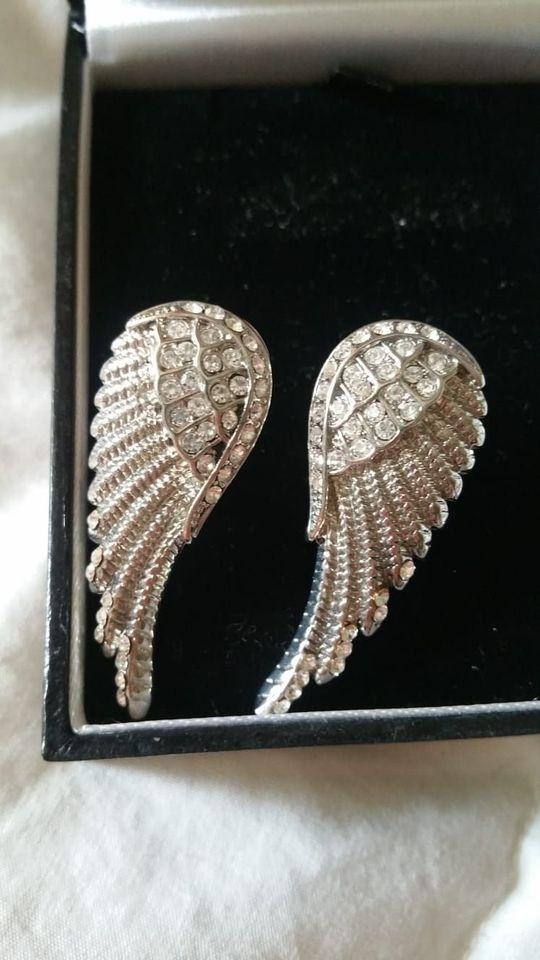 Preview of the first image of Brand new Angel wings size L ring and angel wings earrings.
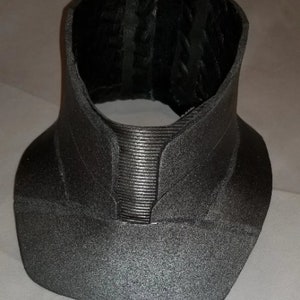 May include: A grey, textured, fabric collar with a ribbed design in the centre. The collar is made of a soft, flexible material and has a slightly curved shape.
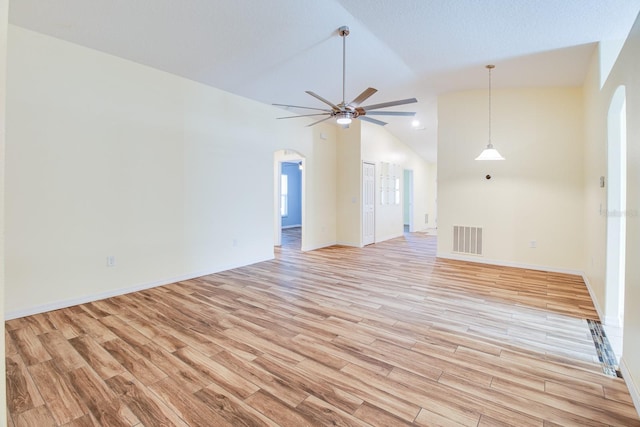 unfurnished living room with ceiling fan, high vaulted ceiling, and light wood-type flooring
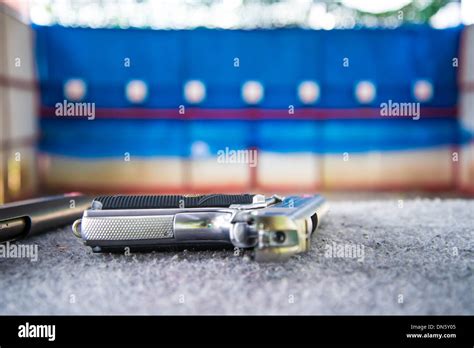 The Automatic Handgun In The Shooting Gallery Stock Photo Alamy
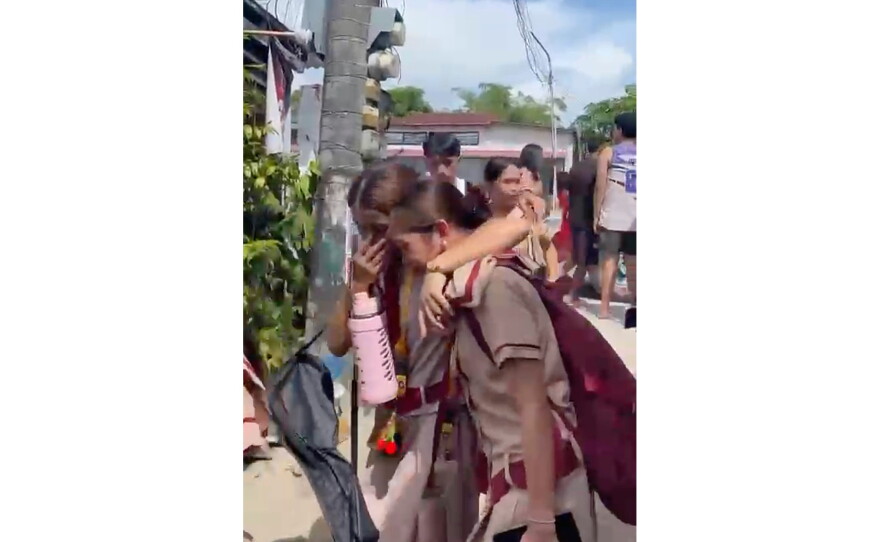 In this photo taken from a video, students react after a shooting incident at the San Jose National High School in Tacloban city, Philippines Monday, June 22, 2026. (James Daantos via AP Photo)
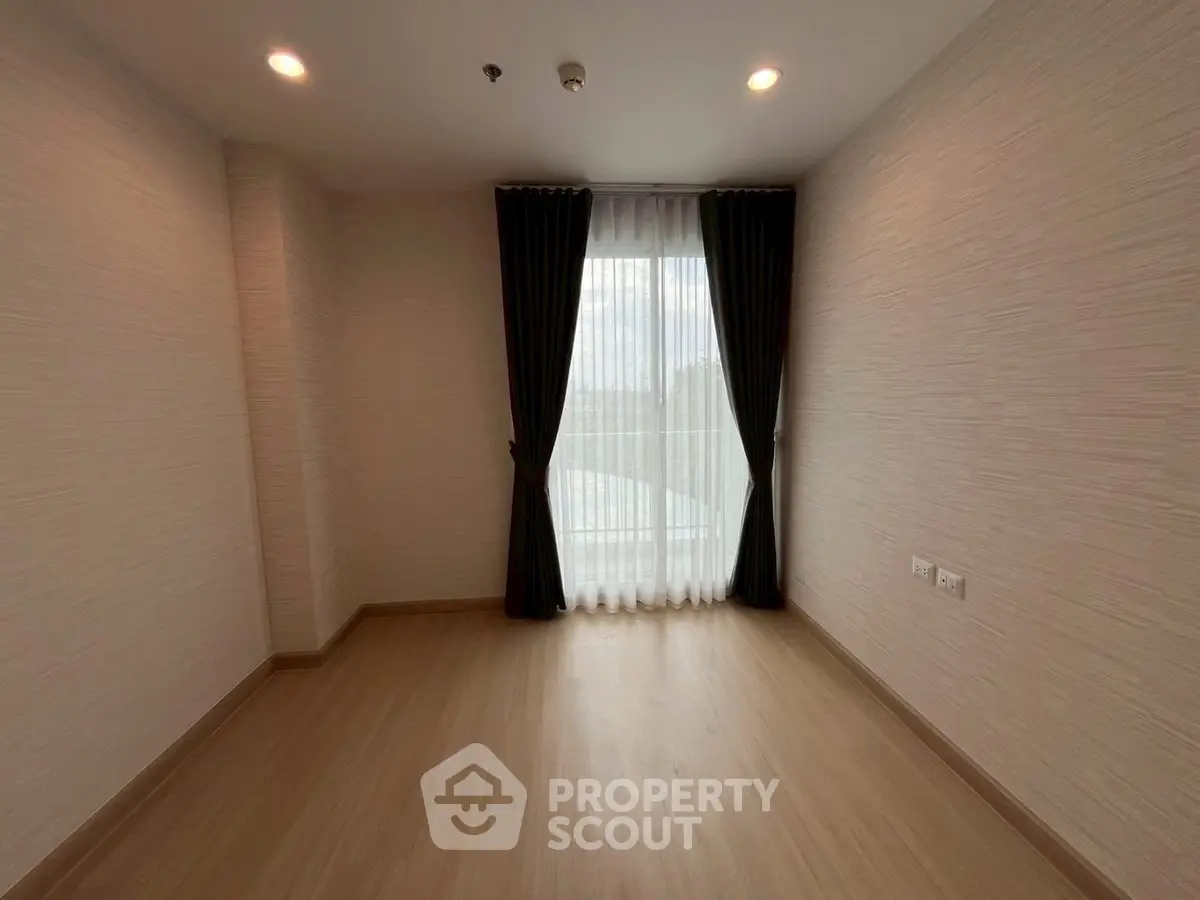 Spacious empty room with large window and elegant curtains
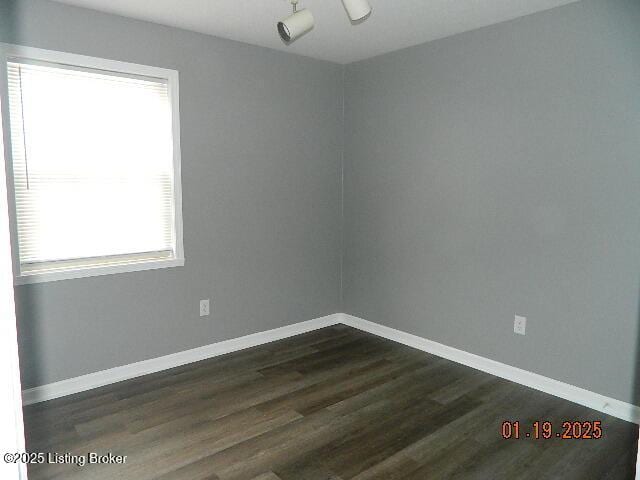 unfurnished room with dark hardwood / wood-style flooring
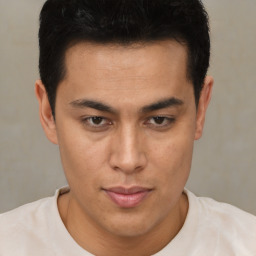 Joyful latino young-adult male with short  brown hair and brown eyes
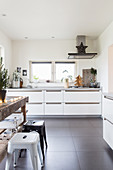 Festive decorations in white modern kitchen with grey floor tiles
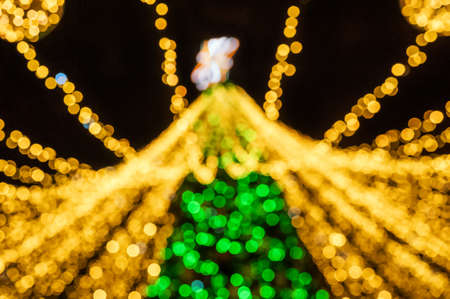 Christmas background gold lights in defocus. Yellow lights on black background place for textの写真素材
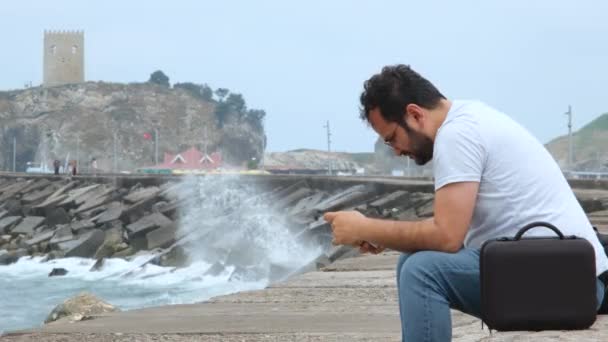 człowiek siedzący na wybrzeżu, troskliwy mężczyzna siedzący na wybrzeżu i korzystający z telefonu - Materiał filmowy, wideo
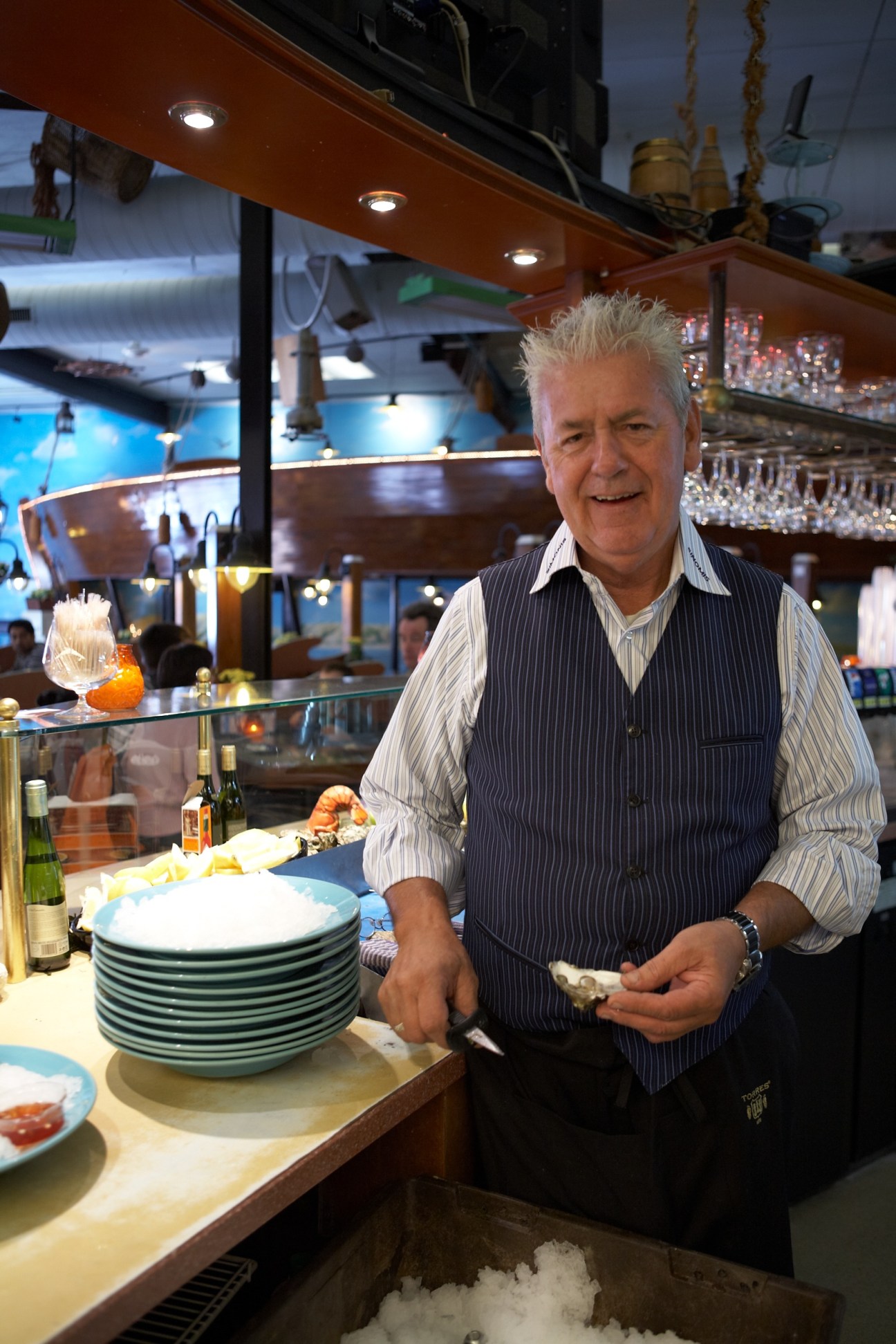 Man at Simonis fish restaurant counter holding an oyster, with plates and glasses nearby.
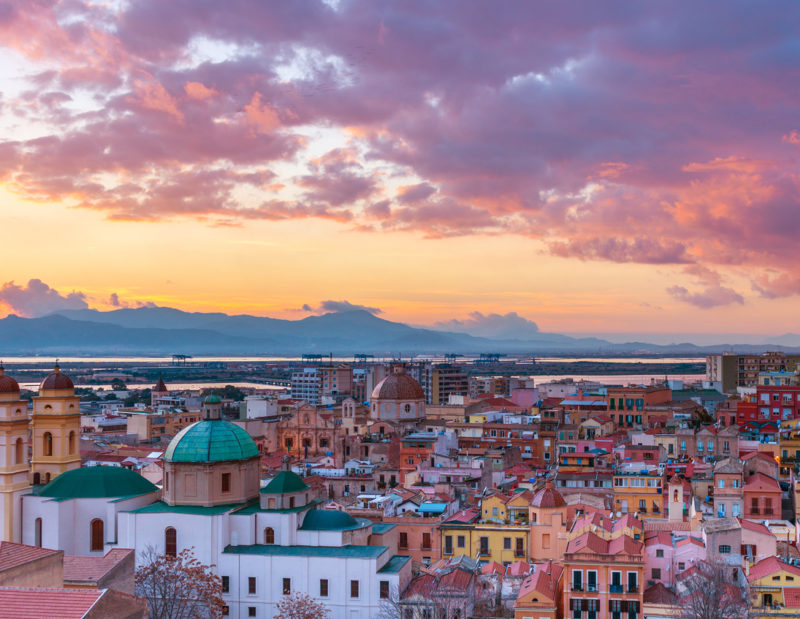 Sunset on Cagliari, evening panorama of the old city center in Sardinia Capital, view on The Old Cathedral and colored houses in traditional style, Italy.
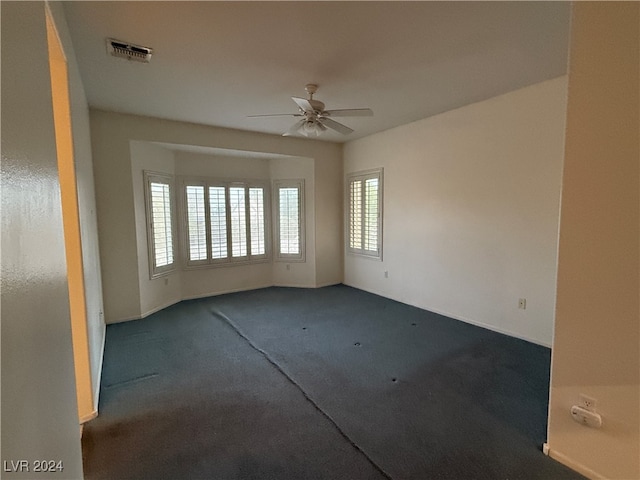 carpeted empty room featuring ceiling fan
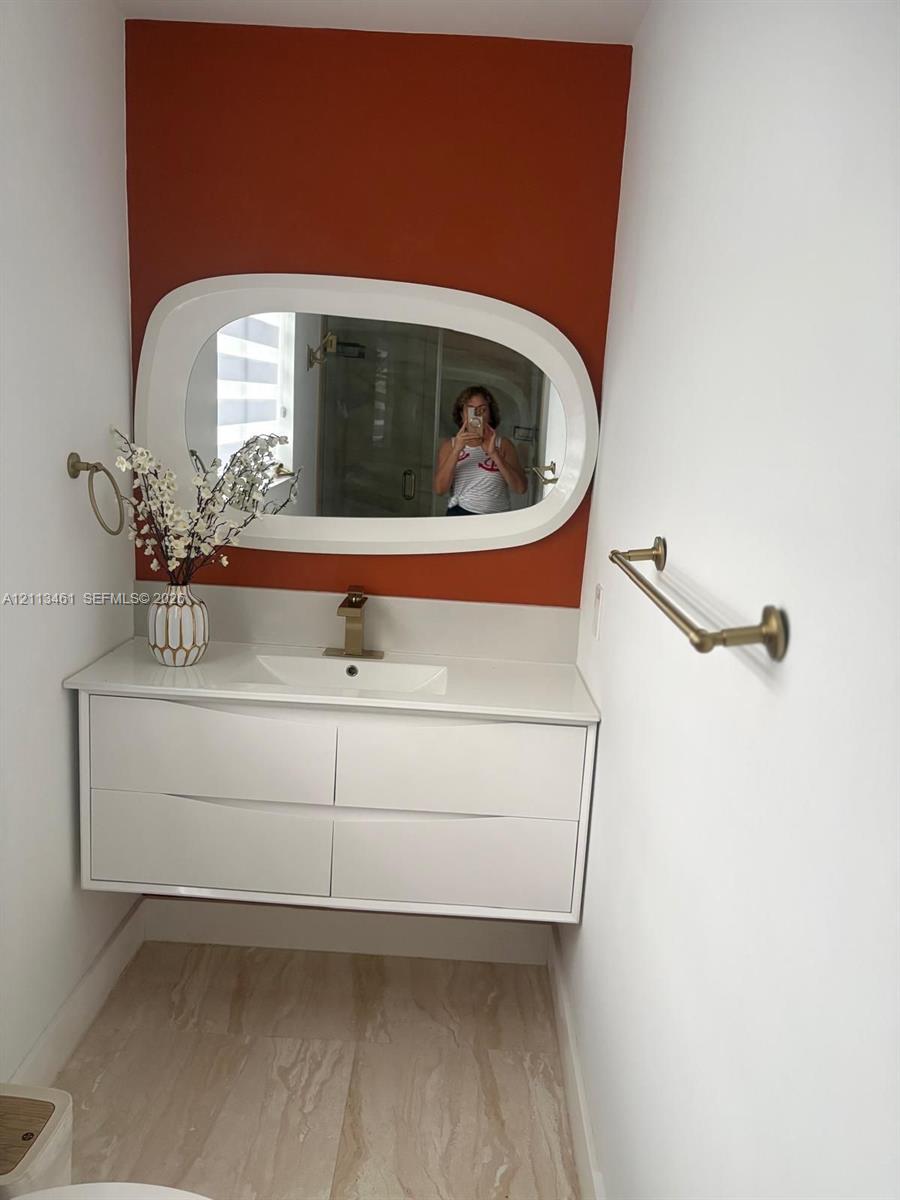 Floating white dual-drawer vanity with an integrated countertop sink, matte gold single-handle faucet, oval-framed mirror, and gold-finish wall-mounted hardware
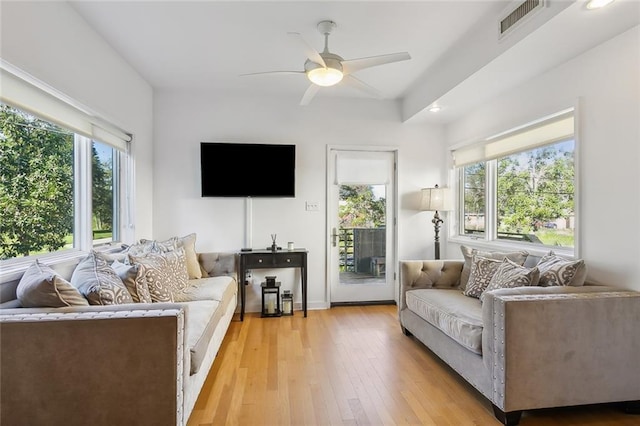 living room featuring ceiling fan, a healthy amount of sunlight, and light hardwood / wood-style floors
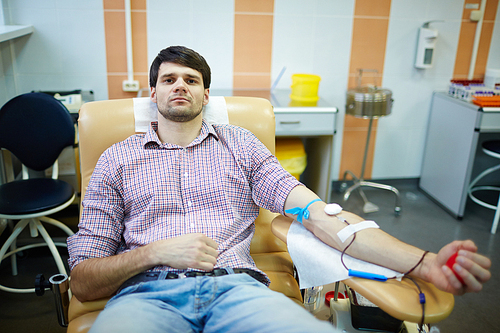 Man with dropper donating his blood in hospital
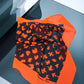 A silk scarf with orange edges and a black and orange pattern, displayed on a reflective surface.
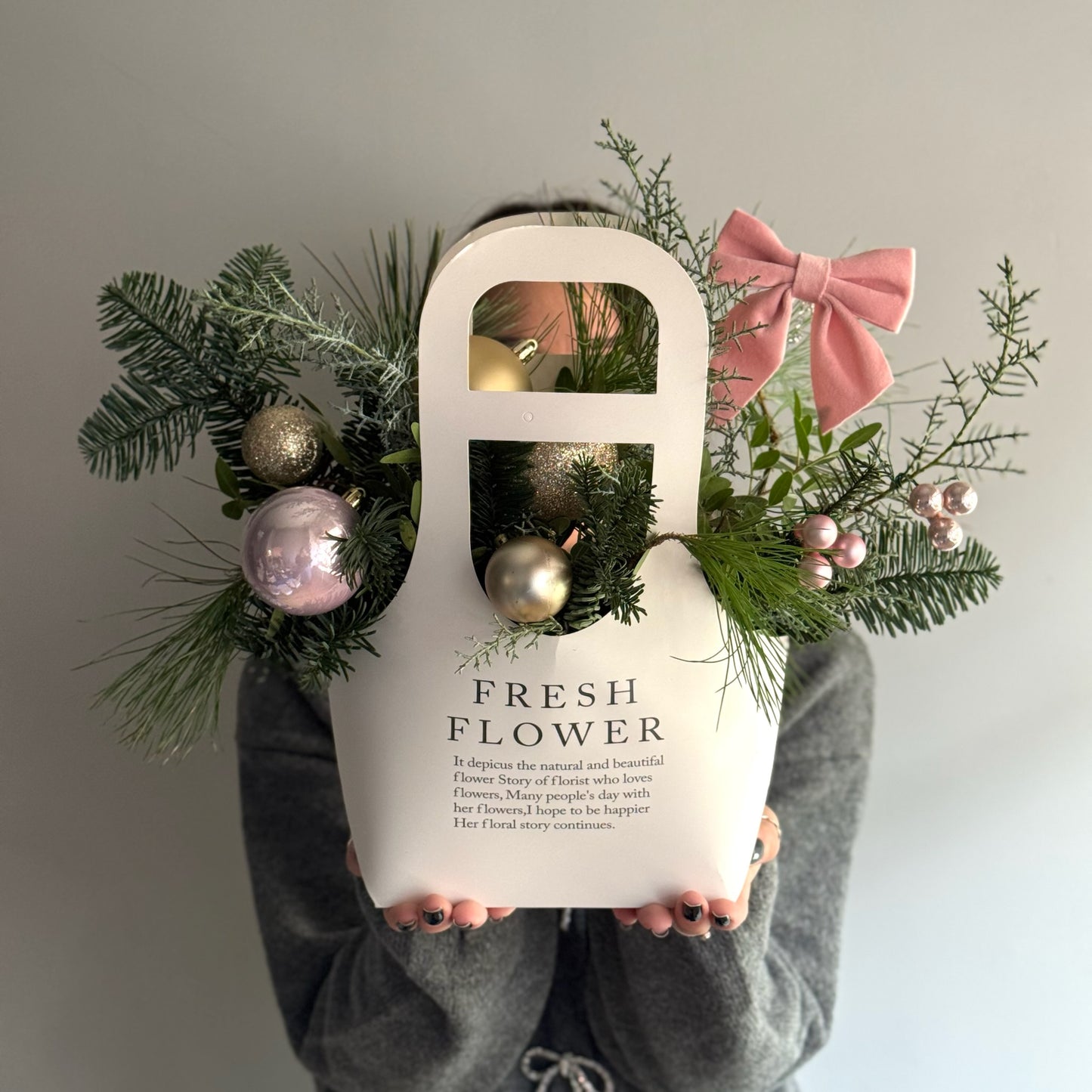 Person holding a white bag labeled 'Fresh Flower' with decorative greenery and ornaments.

▶ [What the task requires]:
The answer must be the part of the records that opens with the line containing "Floating white dual-drawer" and closes with the line containing "living room featuring", reproduced exactly, with no pictures.

▶ [Written reply]:
 Floating white dual-drawer vanity with an integrated countertop sink, matte gold single-handle faucet, oval-framed mirror, and gold-finish wall-mounted hardware
 living room featuring ceiling fan, a healthy amount of sunlight, and light hardwood / wood-style floors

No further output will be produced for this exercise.